Microsoft introduced Kernel-mode caching in IIS 6.0. This feature eliminates the need for accessing User-mode cache in many cases. The HTTP.sys cache helps increase server performance and reduces disk cost. The content has to be requested a few times before IIS 7.0 considers caching an URL. You can configure frequentHitTimePeriod and frequentHitThreshold thresholds in the serverRuntime applicationHost.config section. Here are the default serverRuntime settings located in the %windir%\system32\inetsrv\config\schema\IIS_schema.xml folder. These settings are inherited by default.

  <sectionSchema name="system.webServer/serverRuntime">
    <attribute name="enabled" type="bool" defaultValue="true" />
    <attribute name="appConcurrentRequestLimit" type="uint" defaultValue="5000" />
    <attribute name="maxRequestEntityAllowed" type="uint" defaultValue="4294967295" />
    <attribute name="uploadReadAheadSize" type="uint" defaultValue="49152" validationType="integerRange" validationParameter="0,2147483647" />
    <attribute name="alternateHostName" type="string" />
    <attribute name="enableNagling" type="bool" defaultValue="false" />
    <attribute name="frequentHitThreshold" type="uint" defaultValue="2" validationType="integerRange" validationParameter="1,2147483647" />
    <attribute name="frequentHitTimePeriod" type="timeSpan" defaultValue="00:00:10" />
  </sectionSchema>

A request is cached if more than the number of frequentHitThreshold requests for a cacheable URL arrive within the frequentHitTimePeriod setting. Following is an example of the benefits you can get by using Kernel-level cache rather than User-mode caching or no caching enabled.
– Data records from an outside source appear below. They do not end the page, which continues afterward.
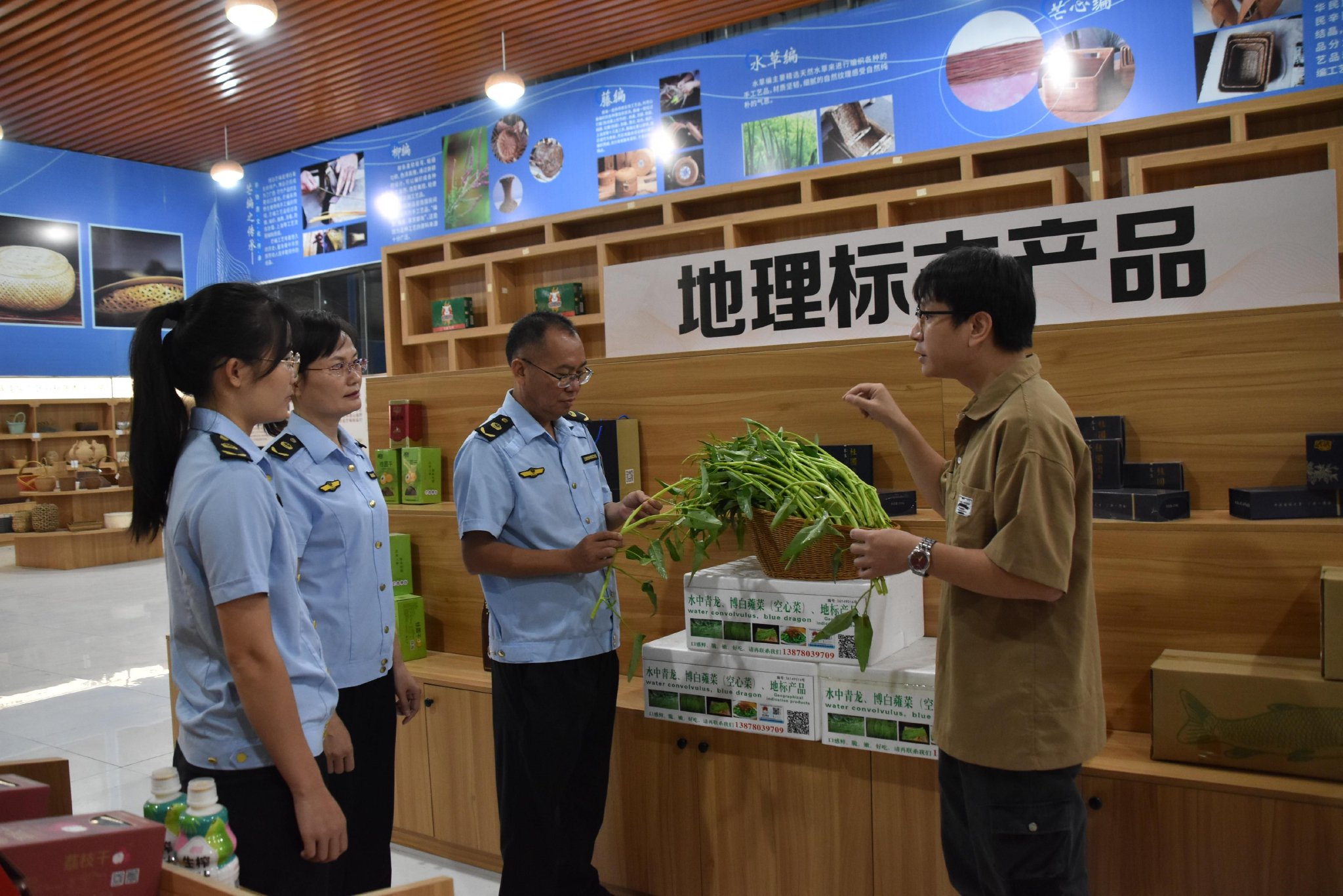 67%)及地理标志产品,大力推进绿色产品认证,香港高端品质认证和深圳"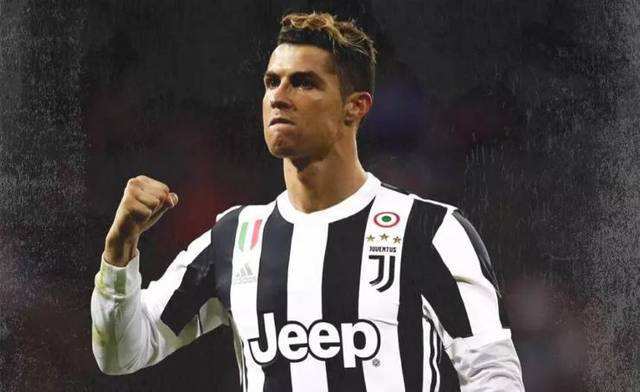 赵丽娜：走了70所学校，女孩踢球屈指可数；想让女孩踢球普及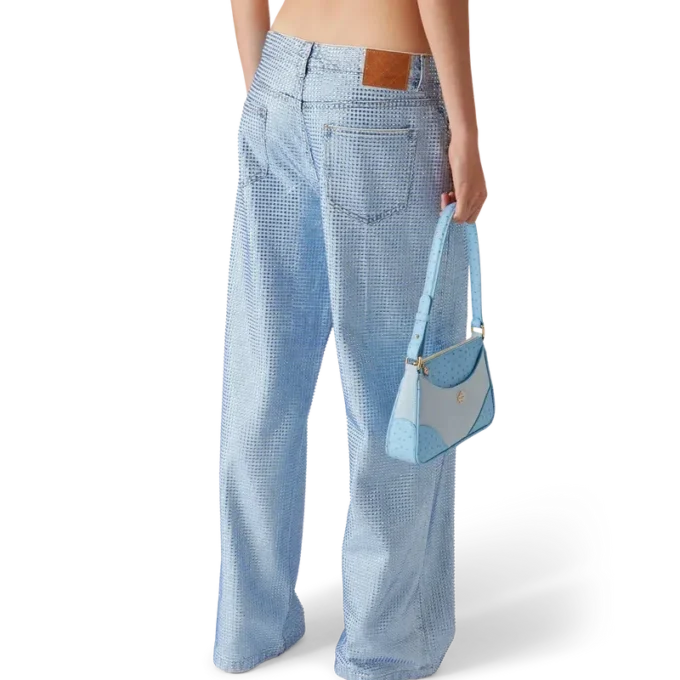 Jeans med kristallprydnader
The example shows how to setup Web Capacity Analysis Tool (WCAT) and run the WCAT controller, WCAT client, and setup Output Caching policies in IIS Manager. There are three tests using different Output Caching policies.

First, the following steps allow you to configure WCAT to use this example in your environment:

1.	Download the IIS6 Resource Kit Tools (go to http://www.iis.net/go/1352), do a custom install, and install only WCAT. You’ll use three files to help configure WCAT: A script file that tells WCAT which URLs to request. Each URL gets a unique ClassID. A distribution file that tells WCAT how the requests should be distributed across the URLs specified in the script file. A configuration file that configures the parameters of a particular performance run, for example, the duration of the tests, how many HTTP clients to simulate, and so on.
2.	Create a folder named C:\LoadTest to hold the configuration files.
3.	Create a file called Default.aspx in C:\LoadTest. Type <% = Datetime.Now() %> and save Default.aspx. This file will be used for load-testing.
4.	Create a new file called script.cfg in C:\LoadTest and type the following text: NEW TRANSACTION classId = 1 NEW REQUEST HTTP Verb = "GET" URL = "http://localhost/Default.aspx"
5.	Create a file called distribution.cfg and type the following text inside the file: 1 100
6.	Create a file called config.cfg and type the following text inside the file: Warmuptime 5s Duration 30s CooldownTime 5s NumClientMachines 1 NumClientThreads 20

Next, after you have configured the LoadTest folder and supporting WCAT files, you can enable the WCAT controller. This is required to perform the tests. Open a command prompt and type the following syntax:

Cd \LoadTest
								"%programfiles%\IIS Resources\WCAT Controller\wcctl"
								-c config.cfg -s script.cfg -d distribution.cfg -a localhost

After enabling the WCAT controller, you can run the WCAT client to perform your performance tests. You’ll need to open another command prompt window to start the WCAT client.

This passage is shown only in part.